The joy is in being pushed to read things you wouldn’t normally pick up. It’s sometimes interesting to step outside and see new things. I was introduced to Mapp and Lucia and read them all, I enjoyed them so much. I’d not normally have picked them up in Waterstones.

BookWitch · 24/11/2018 22:39

I hear you, OP.

I was in a great book club where I used to live. We didn't read trash (our unwritten rule was no cupcakes/shopping bags on the cover or cafes/chocolate shops in the title, no misery lit).
We liked intelligent, well written fiction, we liked the odd thriller. We occasionally ventured near a classic (We read A Passage to India one month), but generally enjoyed more mainstream bestsellers, over wine and a bit of a chat about other books we've enjoyed and recommended. Lots of book swapping went on, a very friendly group. Had some great discussions on The Handmaid's Tale, Little Fires Everywhere, etc

I have moved area and cannot find a similar group. I have found one club but it is very literary and serious. The group leader (who is lovely and obviously a very intelligent woman) does a kind of mini-lecture about the main ideas of the group. I kind of enjoy it, but wouldn't call it a book club as such. It's more like a class.
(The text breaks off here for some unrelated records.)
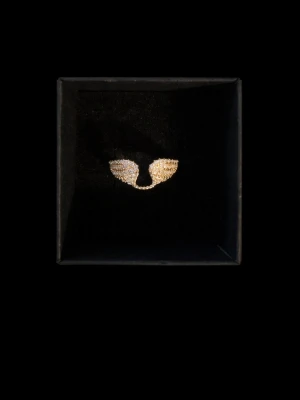 Guldfärgad ring med vingar - Unik guldfärgad ring med två vingar dekorerade med små gnistrande stenar. Ringen har en öppen design och passar perfekt för dig som gillar detaljer med lite edge och glamour.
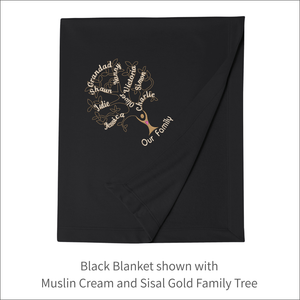 Jersey Blanket 'Family Tree' - Personalised Embroidered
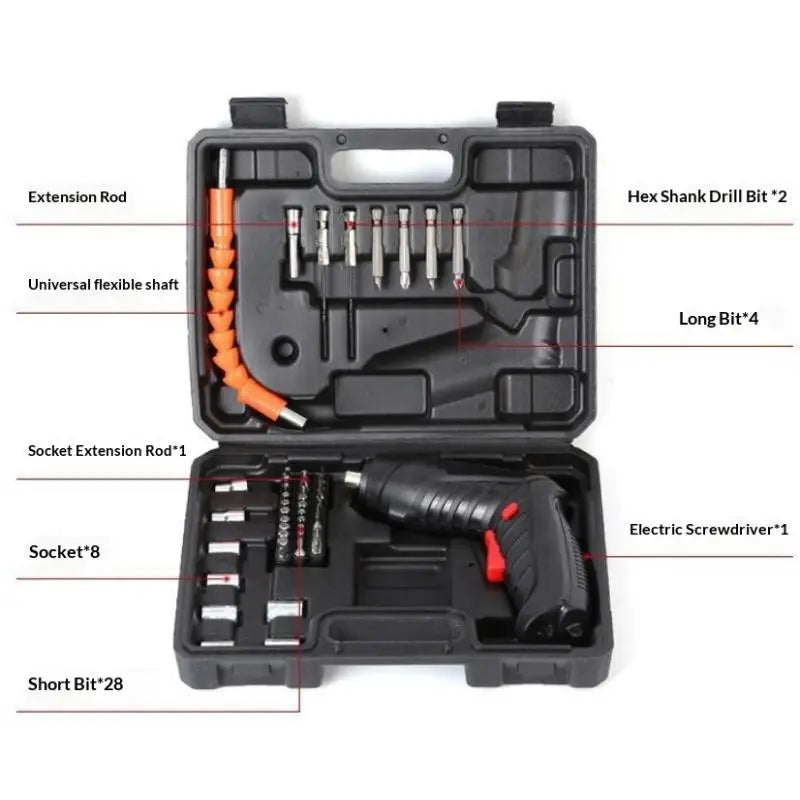 3.6V Cordless Electric Screwdriver Mini Drill Set w/ Case Cordless Screwdriver Set Peaceful Pleasures Health and Wellness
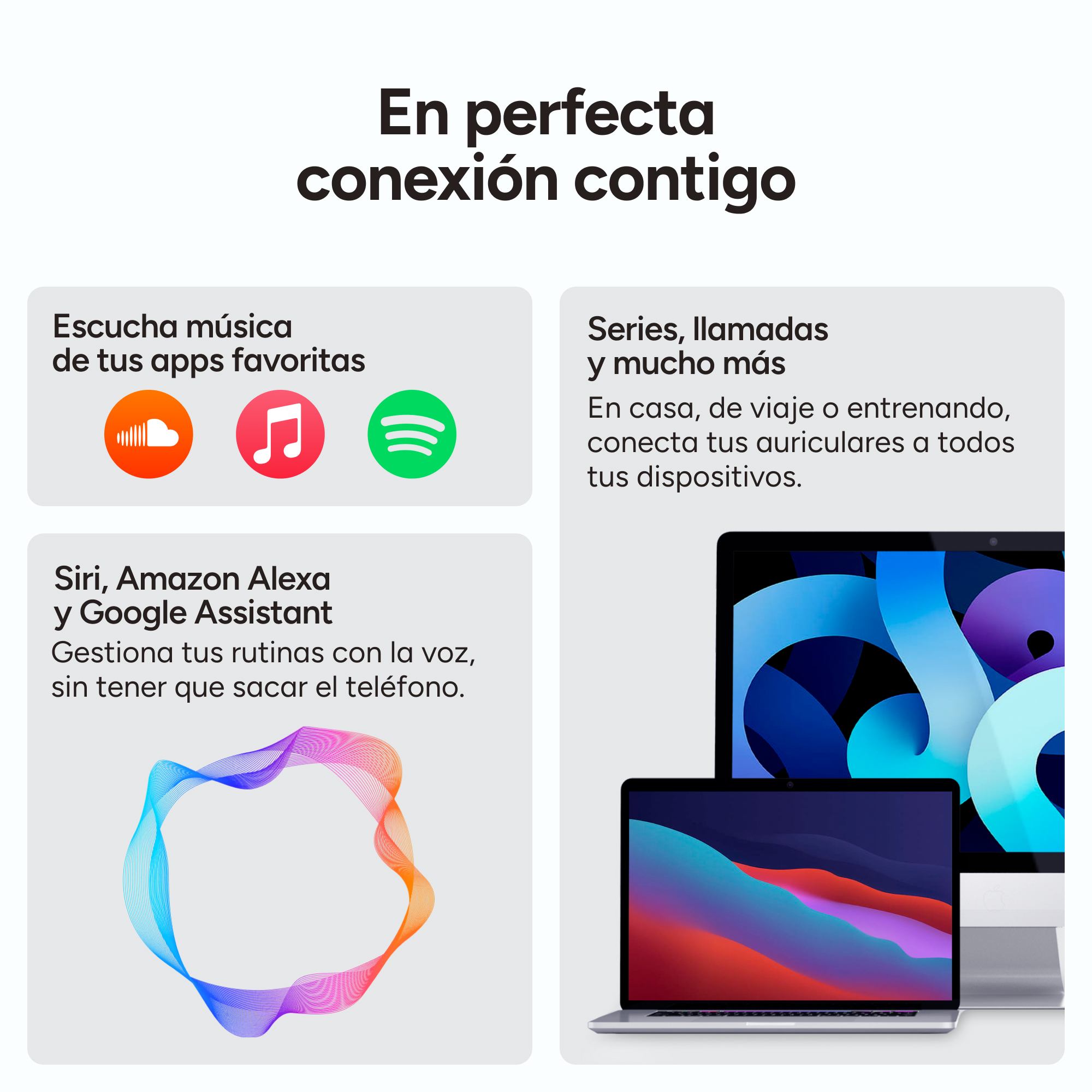 Anuncio de aplicaciones de música. Se muestran iconos de aplicaciones de música. Persona usando portátil y monitor.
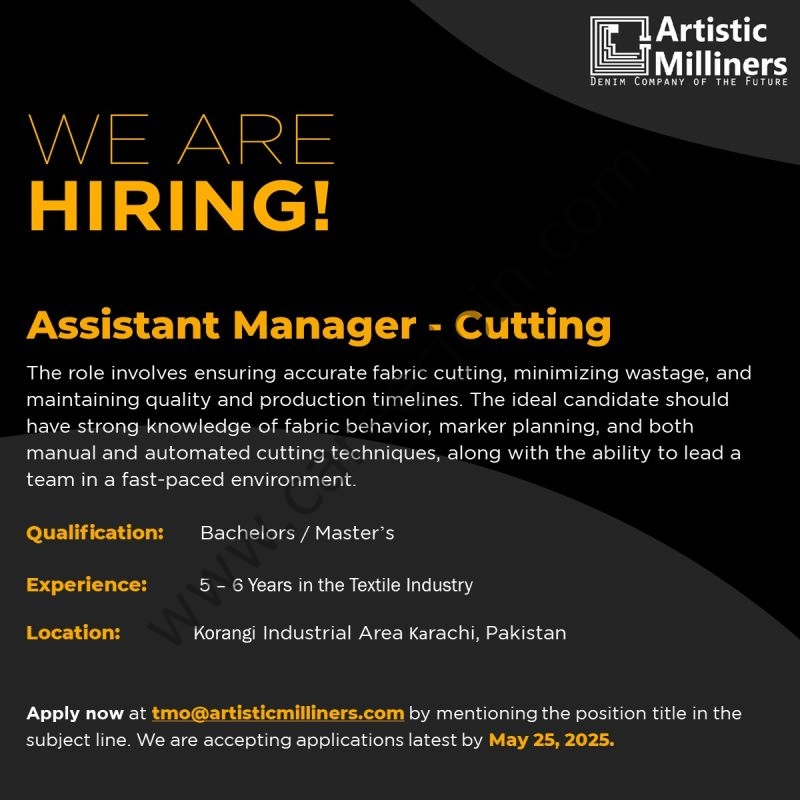 Artistic Milliners Pvt Ltd Jobs Assistant Manager Cutting 1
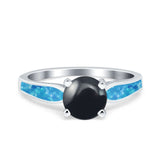 Vintage Style Round Natural Stone Solitaire Ring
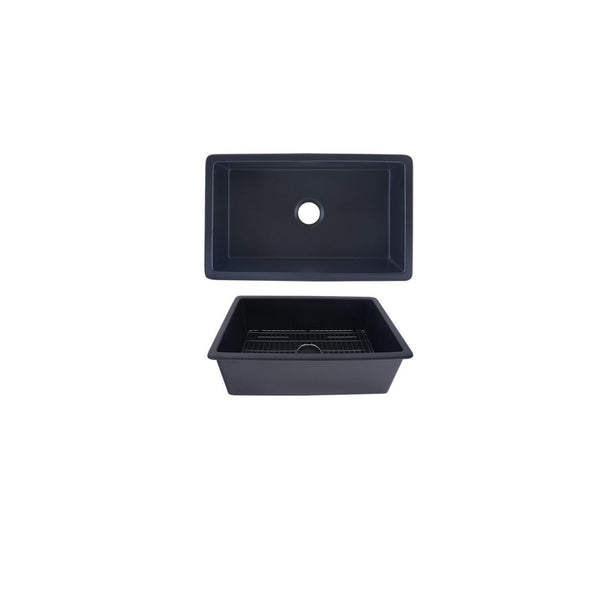 AD-FC13F Single Bowl Undermount Fireclay Sink Black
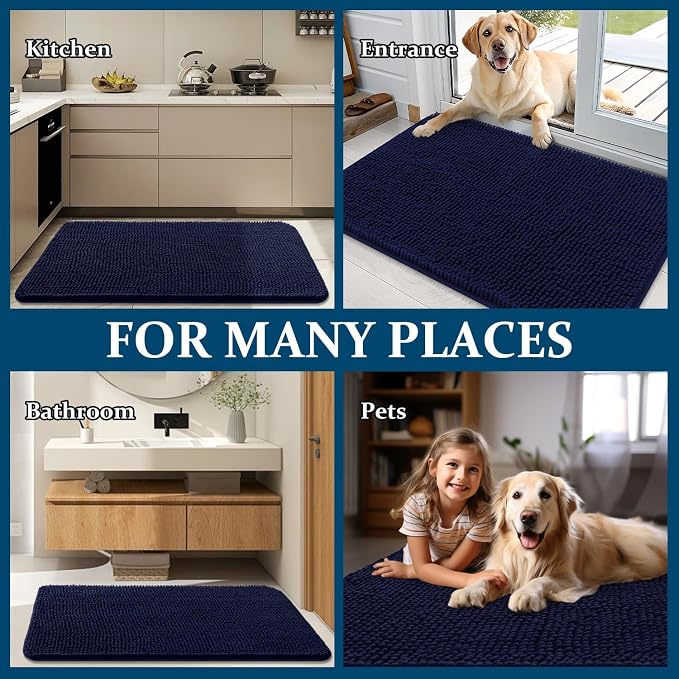 OLANLY Dog Door Mat for Muddy Paws 48x30, Absorbs Moisture and Dirt, Absorbent Non-Slip Washable Doormat, Quick Dry Chenille Mud Mat for Dogs, Entry Indoor Entryway Carpet for Inside Floor, Navy Blue - Image 8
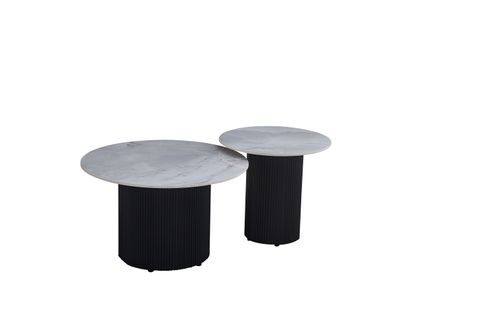 Tables Basses Gigognes Polpo – Céramique Effet Marbre et Métal – 70x70x38 + 50x50x45 Cm Marbré Blanc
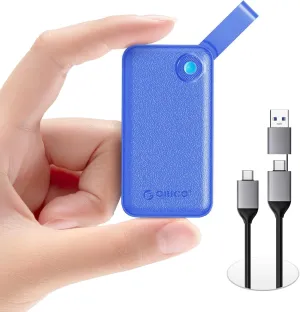 ORICO 2TB Portable SSD, Up to 2000MB/s, USB 3.2 Gen 2x2, Ultra-Mini, Compact with 2 in 1 USB C Cable, External Solid State Drives, Reliable Storage for USB C Smartphone, Tablet, PC - B20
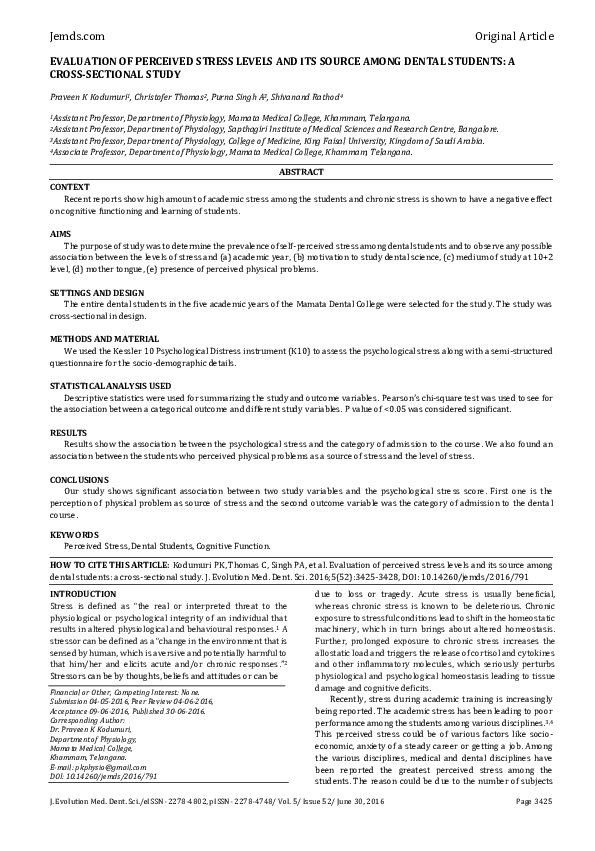 (PDF) Evaluation of Perceived Stress Levels and Its Source Among Dental ...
And there is no wine as it is in the daytime.

CherryPavlova · 24/11/2018 22:40

We discuss everything and anything. Sometimes mainly the book but often not. Sometimes key issues the book brings up around women’s rights, the impact of war, modern slavery etc.

LangCleg · 24/11/2018 22:40

OP - you want to read commercial fiction so you don't want to join a book club that reads literary fiction. You might find those two terms helpful when searching for the most simpatico book club near you. Smile

EssentialHummus · 24/11/2018 22:40

How much discussion do you think a Sophie Kinsella book might generate?

This is the issue imo. My book club has chosen a beach read type thing for our next session and I imagine we’ll manage 10 minutes on the book before cracking on with discussing the patriarchy and local secondary school options (which frankly is how I like it).

EustaciaPieface · 24/11/2018 22:43

I totally know what you mean, my reading choices are all crime thrillers but I find the books that I need to read for book group have actually been good for me as I’d never have read them otherwise. And even though I’ve struggled to read a few of them, I’ve surprised myself at how much I’ve had to say about them at book group.

oohyoudevilyou · 24/11/2018 22:45

My regular life is about as down-to-earth as you can get...kids, financial worries, ageing parents, partner who can be a total knob at times, a job that includes wiping arses. Would bloody love the chance to discuss pretentious books (or pretentious art, music, architecture etc) and use words of more than 2 syllables tbf.